And The Winner, After Bernanke's Humphrey Hawkins Dog & Pony Show, By Unanimous Decision Is.... Gold

Tyler Durden's picture

Stocks dumping, dollar at all time lows against a plethora of FX pairs, while gold (and silver) is sticky as superglue and remains just a few dollars away from its all time nominal highs, and just short of $1,600, which we expect will be taken out as soon as the world realizes that the Greek 2 Year spread to Bunds is now over 30% and that Europe is not fixed. Perhaps Bernanke would like to take another stab at that whole "is gold money" question...

Stocks versus Gold and Silver: by unanimous decision....

And Greek 2 Year spread to Bunds:

In the meantime, the market remains totally schizophrenic, as QE3 goes from ON to OFF, based on how the Chairman wants to move the market. Remember: QE3 will not begin until the S&P is below 1,000. Although schizophrenia is nothing new, and merely a continuation of yesterday's deranged activity, as explained by Art Cashin:

Thank Ye, Bernanke - or - Maybe Not - The financial media claims that yesterday’s action was all about Chairman Bernanke’s Congressional Testimony. While it was a significant influence, it wasn’t the whole story. In fact, yesterday’s market was an interesting tutorial on market reaction.

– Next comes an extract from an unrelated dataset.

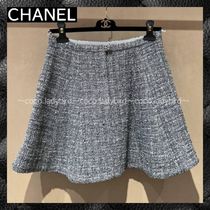 ☆24P フレア×ツイードで大人可愛く☆ CHANEL スカート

The market’s firmer tone began in the wee small hours of the morning with the solid economic data out of China. It was evident that the recent series of rate hikes and reserve tightening had not crippled the Chinese economy. That was one less thing to worry about, keeping the concern areas to Europe and the U.S.

The firming market was further aided by some cooing noises on Italy from the rating agencies - not an actual upgrade but reassurances nonetheless. And dawn had not even hit New York yet.

Then, around 9:00, Boston Fed President Rosengren strode to the podium. He called Friday’s payroll data “dismal” and said that Fed policy must remain accommodative. That seemed to reinforce the hint of a QE3 that the markets thought they sensed in the FOMC minutes Tuesday afternoon.

So, as the opening bell neared, futures were predicting an up-move of about 50 points in the Dow. That’s what happened and almost immediately stocks began to consolidate in front of the Bernanke testimony.

At 10:00, the text of the testimony was released and markets and pundits seized on his presentation of possible further stimulative moves. They proclaimed it QE3, confirming that image from both the FOMC minutes and from Rosengren’s comments less than an hour earlier.

The result was instantaneous. Within minutes, the Dow was up over 100 points and rocketing higher. By 10:30, the Dow was up 165 points. Stocks then paused as the testimony continued.

As the testimony moved on, analysts began to re-examine the text. The further measures did not appear a foregone conclusion. Some skeptical comments began to show up on the TV screens.

Then shortly after 1:00, Dallas Fed President, Fisher began to speak. He seemed to say the Fed had done enough and should engage in watchful waiting. That made the likelihood of a quick QE3 seem a lot less certain. Bids began to fade. By 2:30, stocks had given up over half their gains.

Around 3:00, some more aggressive selling began. After the close, some attributed that selling to some remarks by Speaker Boehner on the debt ceiling stalemate. That may have been the case but we didn’t hear it on the floor at the time.

At any rate, the 3:00 selling continued for over a half an hour. At that point, traders began to worry that we might actually fall into negative territory. Luckily, they got bailed out (a bit) by market on close buyers. Lots of action in response to lots of influences. A lot better than recent robo-trading.